2011-12-01

Fixing Ethernet Device Creep

In CentOS, udev remembers various things about your network adapters from boot to boot, most importantly, the MAC address. The reasoning is simple: Boot once, get it setup, shut it down, add a second NIC, boot back up, now which one is supposed to have which address? Generally the idea is this, udev keeps the adapter MAC associated with the device name (so ::08 get's eth0, and ::2b gets eth1. remove ::08 and you'll still have eth1). Then the network scripts in /etc/sysconfig/network-scripts/ named ifcfg- are read by /etc/init.d/network on start up and it associates eth0 -> IP1 eth1 -> IP2.

Problem is, say you're not really set on the MAC you've got (it's a VM and you cloned it, clones get a new MAC. It's a physical box and that card died, replace it and it's got a new MAC). How do you get that coveted eth0 label back so you don't have to change a lot of things**? Well, to quote Dr. Seuss "We can do it, we know how".

Pull yourself a quick ifconfig listing. Note the MAC address of the NIC you want to be, say, eth0 in this case.

[root@mysystem ~] # ifconfig |grep HWaddr
eth1 Link encap:Ethernet HWaddr 00:50:56:88:00:74
eth2 Link encap:Ethernet HWaddr 00:50:56:88:00:75
eth3 Link encap:Ethernet HWaddr 00:50:56:88:00:7b


In this case, there used to be an eth0 and when I cloned this box, I got eth3. Let's change that.
[root@mysystem ~] # cat /etc/udev/rules.d/70-persistent-net.rules
# PCI device 0x8086:0x100f (e1000)
SUBSYSTEM=="net", ACTION=="add", DRIVERS=="?*", ATTR{address}=="00:50:56:88:00:74", ATTR{type}=="1", KERNEL=="eth*", NAME="eth1"

# PCI device 0x8086:0x100f (e1000)
SUBSYSTEM=="net", ACTION=="add", DRIVERS=="?*", ATTR{address}=="00:50:56:88:00:75", ATTR{type}=="1", KERNEL=="eth*", NAME="eth2"

# PCI device 0x8086:0x100f (e1000)
SUBSYSTEM=="net", ACTION=="add", DRIVERS=="?*", ATTR{address}=="00:50:56:88:00:7b", ATTR{type}=="1", KERNEL=="eth*", NAME="eth3"

What we need to do is edit this file and change that last 'NAME="eth3"' to 'NAME="eth0"'.

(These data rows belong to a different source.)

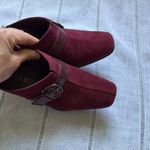 Aerosoles Heeled Burgundy Mules with Belt Strap Photo 6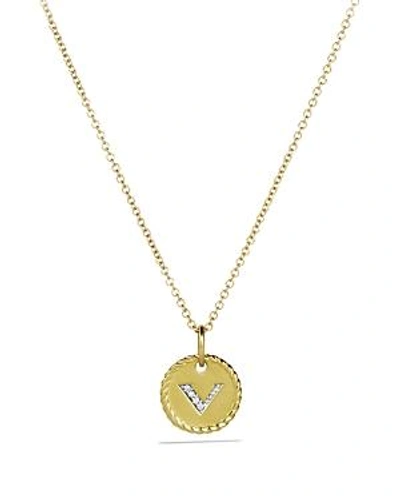 Shop David Yurman Cable Collectibles Initial Pendant With Diamonds In Gold On Chain, 16-18 In V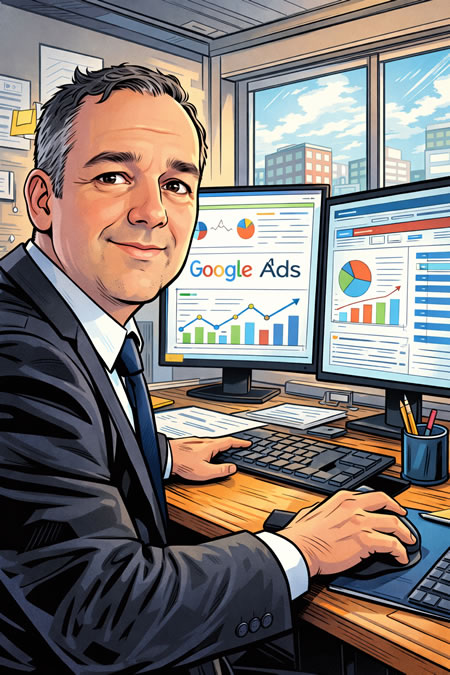 especialista sem y automatizaciones Jonathan Yuste caricatura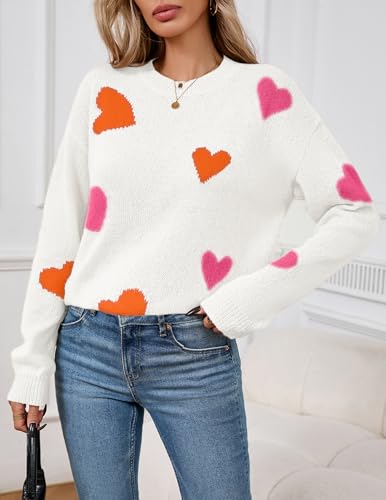 Image of Women's Cute Heart Sweaters Fall Casual Long Sleeve Knit Pullover Tops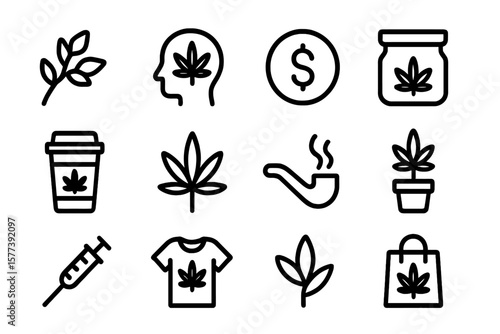 Minimal cannabis icons set featuring line style elements for modern use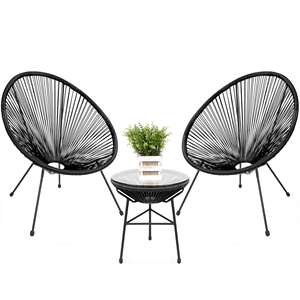 Modernes Design Langlebiges wasserdichtes Kunststoffschnur-Webei mit Metallrahmen Indoor Outdoor Patio Garten balkon Rattan stuhl - Product Image 1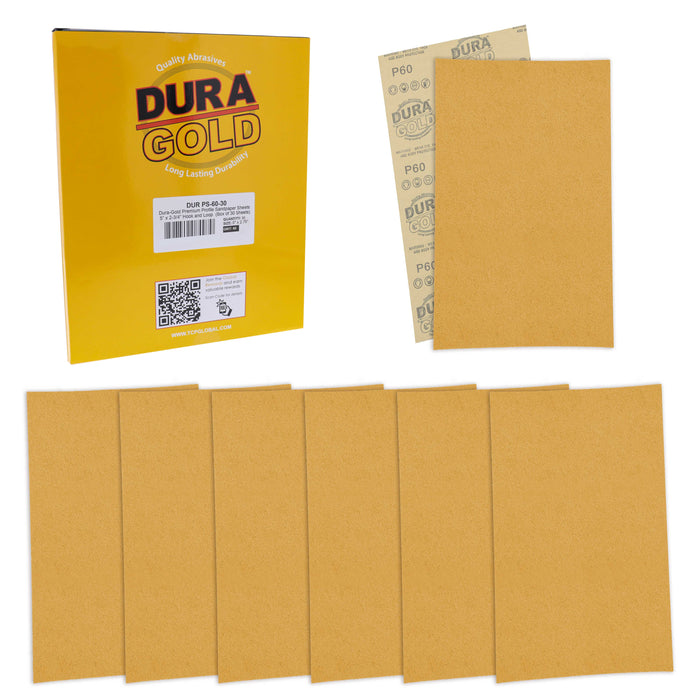 Premium 5" x 2.75" Gold Sandpaper Sheets, 60 Grit (Box of 30) - Hook & Loop Backing, Wood Furniture Woodworking, Auto Paint - For Palm Sanders, Clip-On, Hand Sanding Blocks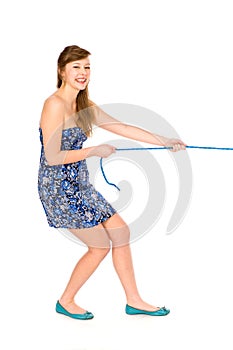 Girl pulling a rope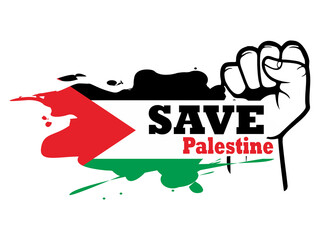 save palestine simple flat design illustration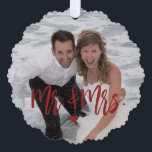 First Christmas as Mr & Mrs script photo name red Ornament Card<br><div class="desc">Modern funny dark red burgundy script first Christmas together as Mr. and Mrs. keepsake tree ornament card template. Easy to personalize on the backside with your text,  names,  and date.</div>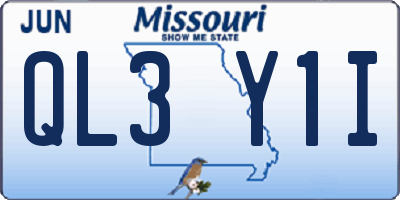 MO license plate QL3Y1I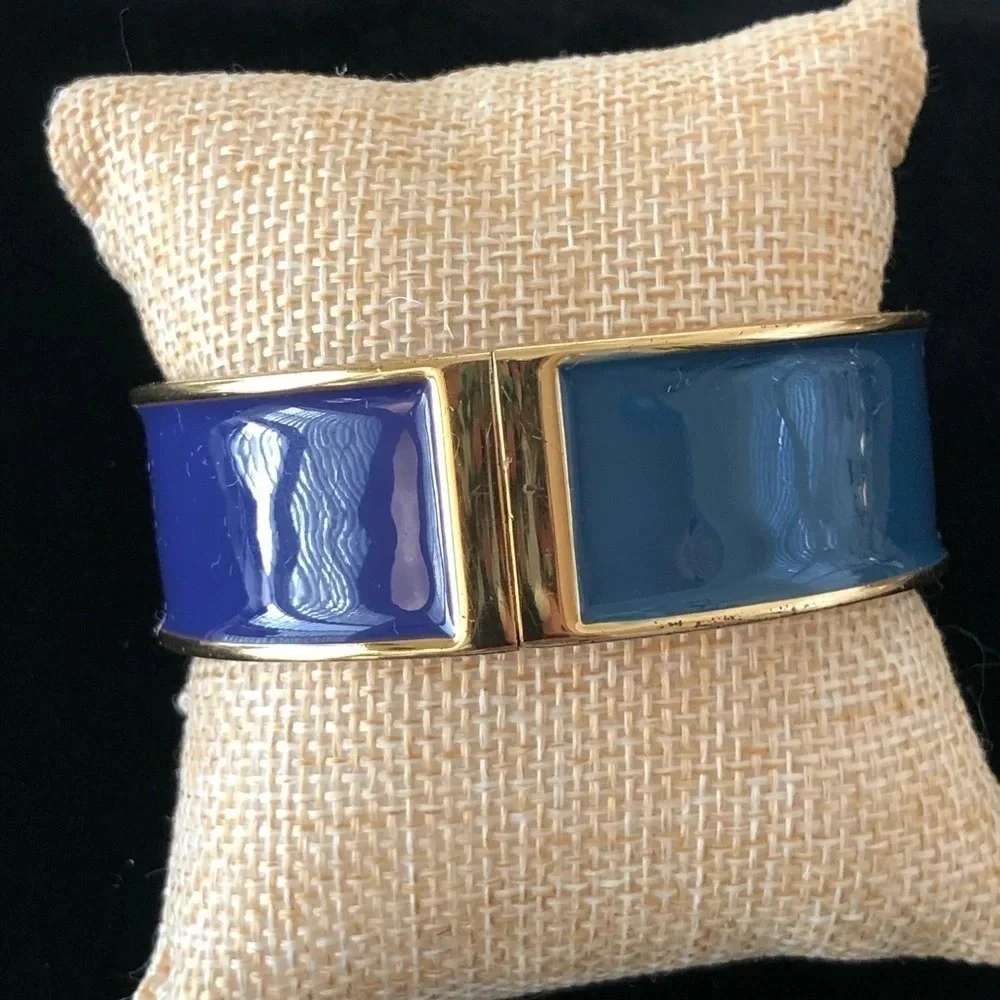 Blue Purple Enamel Gold Tone Clamper‎ Bangle Bracelet Fashion 2.5”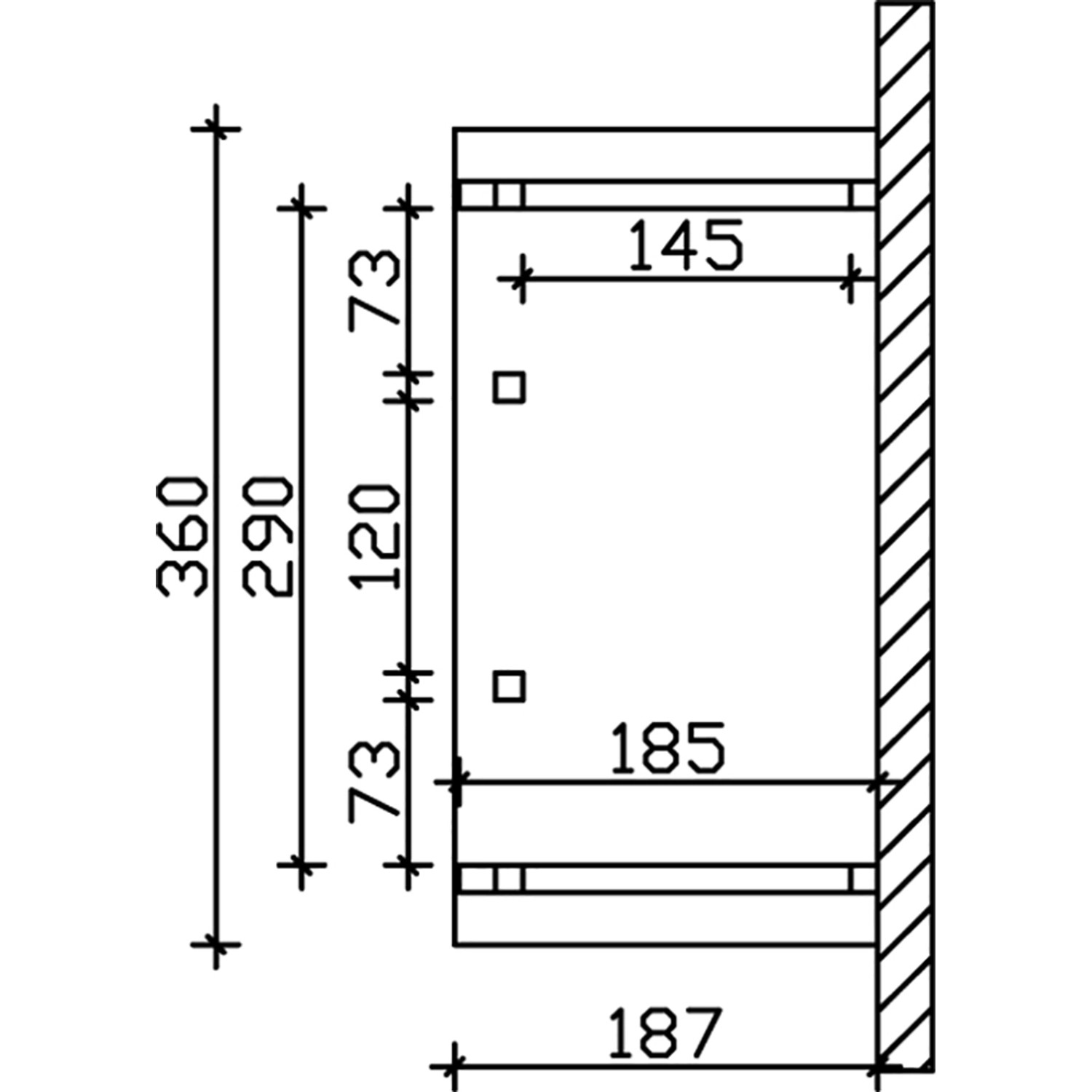 Technische Zeichnung des Skan Holz Haustür-Vordachs Stralsund 7, Maße: 360x187cm.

Now, I'd say reboot, but you need to do one more check first... Make sure you have something in /etc/sysconfig/network-scripts/ifcfg-eth0 and make sure of two things, if you have a Device= line that it says eth0 (In case you thought you'd be clever by copying ifcfg-eth3 to ifcfg-eth0 and rolling with it). Also, make sure if it has a HWADDR= line that it equals the new MAC and not the old one. Truthfully, since udev does the association from MAC->device name, this line isn't necessary and I almost always comment it out (# at the front of the line works in this file), but CentOS's "system-config-network" script adds it in there, so watch out. Okay, now reboot!

** I know, this doesn't seem like that big of a deal, but if you have a complex setup of many NICs and/or are using a monitoring program to watch traffic on a specific NIC, you now have more to change. Especially if there's a group of servers that match and now this one doesn't, etc.